Transgenic animals that express a kinase dead AMPK mutant in the heart have normal cardiac function under aerobic conditions [22,34]. However, when these hearts are subjected to ischemia, ATP regeneration and post-ischemic recovery of cardiac function are dependent on substrate availability [6,22,34]. This means AMPK is required for a normal response to ischemia but is not necessary for normal cardiac function under aerobic conditions. Less is known about the role of LKB1 in cardiac function. Several LKB1 transgenic mouse models have been created, a hypomorphic mouse model where muscle LKB1 expression is completely ablated while LKB1 expression is reduced by five- to ten-fold in other tissues [25], a muscle and heart-specific LKB1-KO mouse where LKB1 expression is completely ablated only in muscle tissue [11,30,31], and recently a cardiac-specific LKB1-KO mouse has been created [9]. Cardiac-specific LKB1-KO animals die prematurely and have poor cardiac performance [9], while muscle-specific LKB1 transgenic mice survive normally and display no obvious adverse phenotypes [25]. Unlike the AMPK transgenic animals, ACC phosphorylation is profoundly reduced in hearts from LKB1 transgenic mice [9,25,30] but surprisingly, malonyl-CoA content is normal in muscle-specific LKB1-KO hearts [30]. Hearts from the LKB1 hypomorphic mice have increased AMP/ATP ratios under aerobic conditions [25]. Whether this is due to impairments in substrate oxidation or due to an inability to suppress energy consuming processes is unknown.
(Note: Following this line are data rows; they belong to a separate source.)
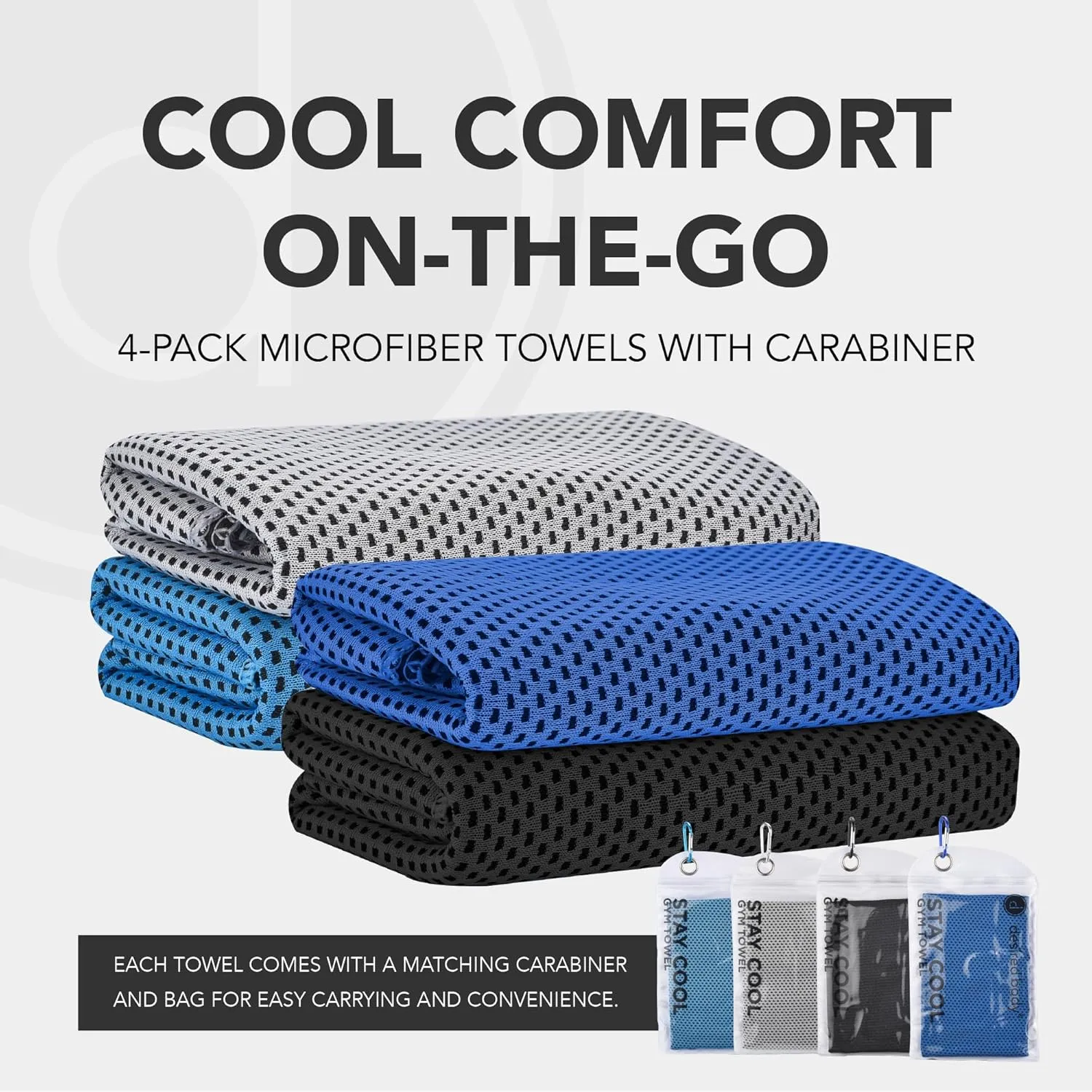 Microfiber Cooling Towels for Neck and Face - 4 Pack 40x12” Mesh Quick Dry Gym Towels for Working Out with Waterproof Bag and Carabiner - Sweat Rag for Gym, Sports, Outdoor Activities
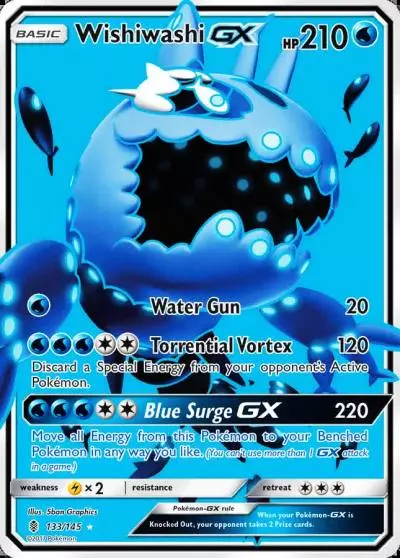 Wishiwashi-GX 133/145 Guardians Rising Pokemon card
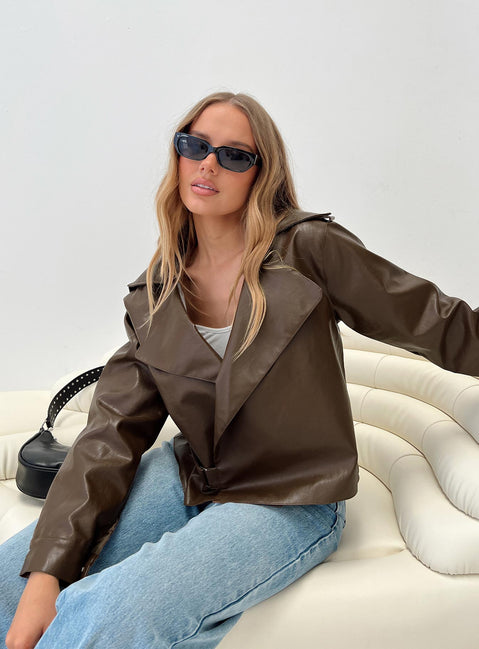 Oversized jacket Faux leather material, lapel collar, button fastening, snap button at cuff Non-stretch, fully lined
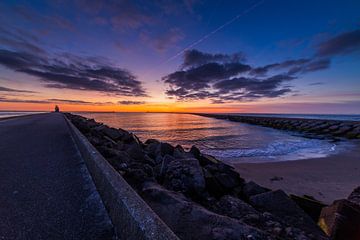 overview on the pier after sunset by peterheinspictures
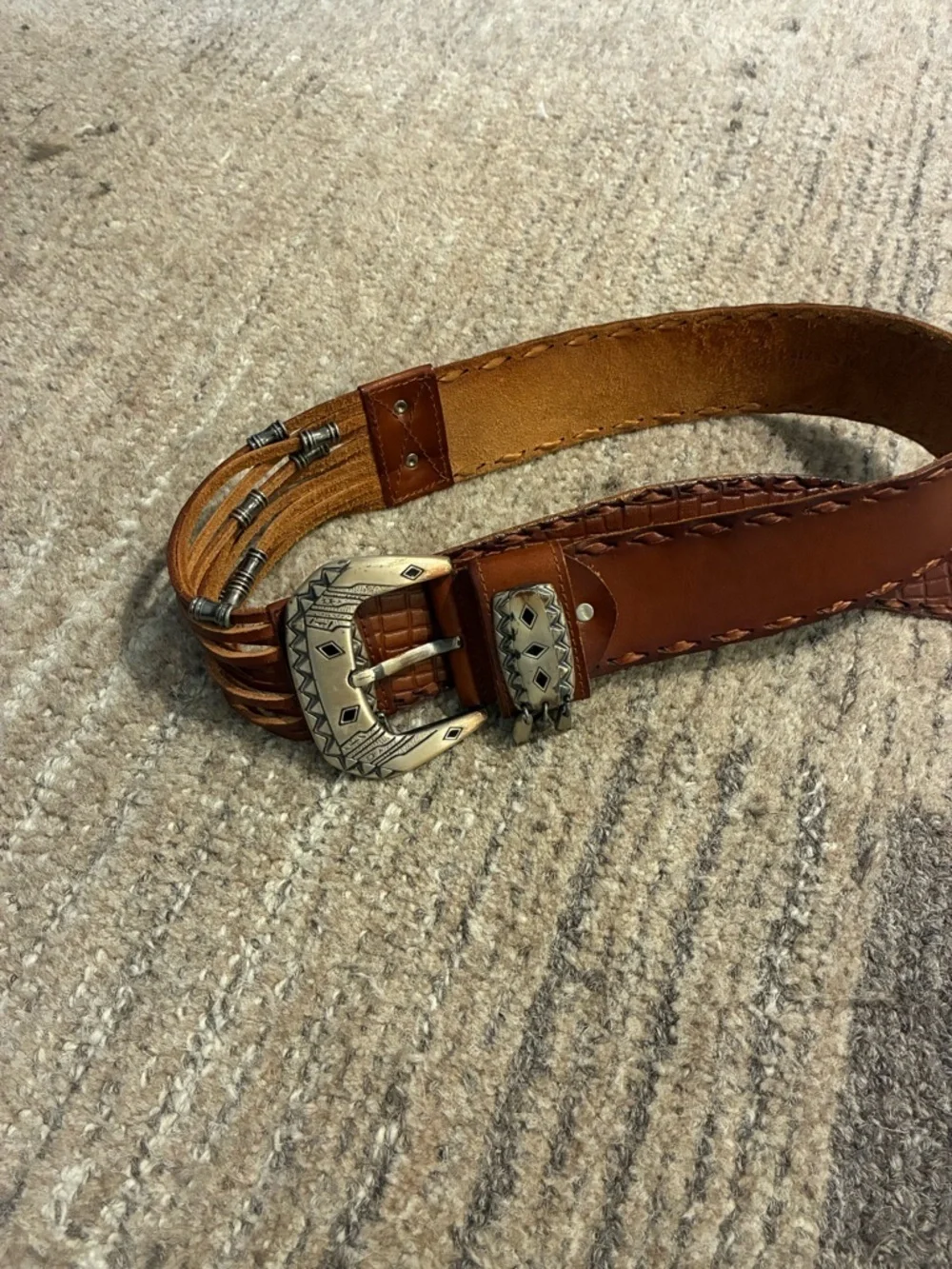 Vintage Western Brown Leather Belt | Silver Ornate Buckle Sz Small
The primary aim of the present study was to investigate the functional consequences of LKB1 deficiency under aerobic and post-ischemic conditions. In addition, we examined if ablation of LKB1 would affect energy substrate metabolism in the heart. For this purpose we studied hearts from mice where LKB1 was selectively deleted in muscle cells using the Cre-Lox system [11]. We found that knock out of LKB1 impairs cardiac function in vivo and ex vivo. Absolute glucose and fatty acid oxidation rates in LKB1-KO heart were similar to control hearts and mitochondrial function intact. However, cardiac efficiency in LKB1-KO hearts was impaired. This was associated with increased activity in the mTOR/p70S6 kinase pathway. These results establish a critical role for LKB1 in cardiac function and energy metabolism.

MATERIALS AND METHODS

Animals

Muscle and heart-specific LKB1-KO mice were generated as described previously [11]. Animals were housed in pathogen-free facilities, maintained on a 12-hour light cycle, and fed standard laboratory chow. Ten to twelve week-old mice were used for all experiments. All experimental procedures were conducted in accordance with NIH guidelines and approved by the Institutional Animal Care and Use Committee of the Joslin Diabetes Center.
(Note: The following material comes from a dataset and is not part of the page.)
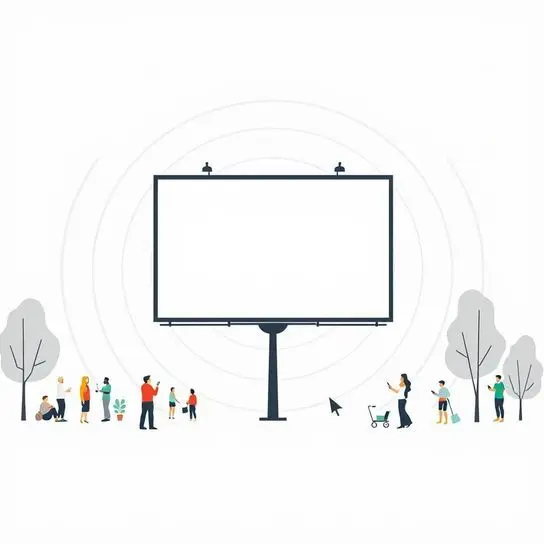Billboard sending out broad reach waves to people, illustrating that impressions drive attention more than clicks.
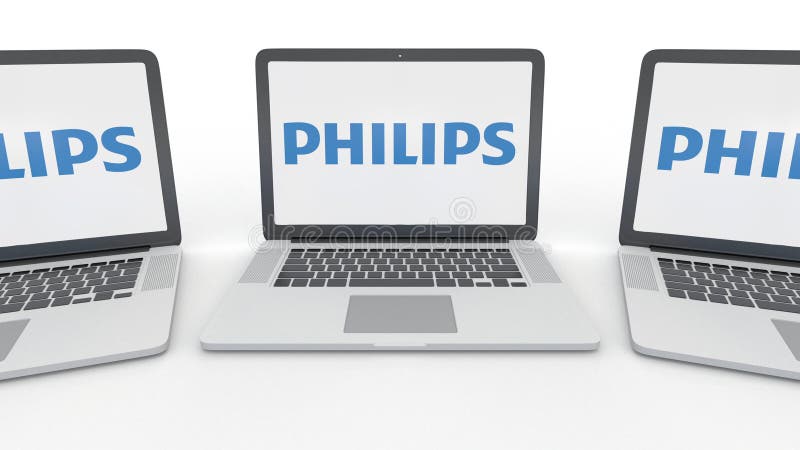Taccuini con il logo di Philips sullo schermo Rappresentazione concettuale dell'editoriale 3D di tecnologie informatiche illustrazione vettoriale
Echocardiography was performed in non-anaesthetized mice with an Agilent Sonos 4500 ultrasound machine and a 12-MHz linear–array transducer, as previously described [26]. Electrocardiographic intervals were measured in 6 limb leads and 3 pre-cordial leads. Ventricular pre-excitation was diagnosed on the basis of a short PR with widened QRS interval.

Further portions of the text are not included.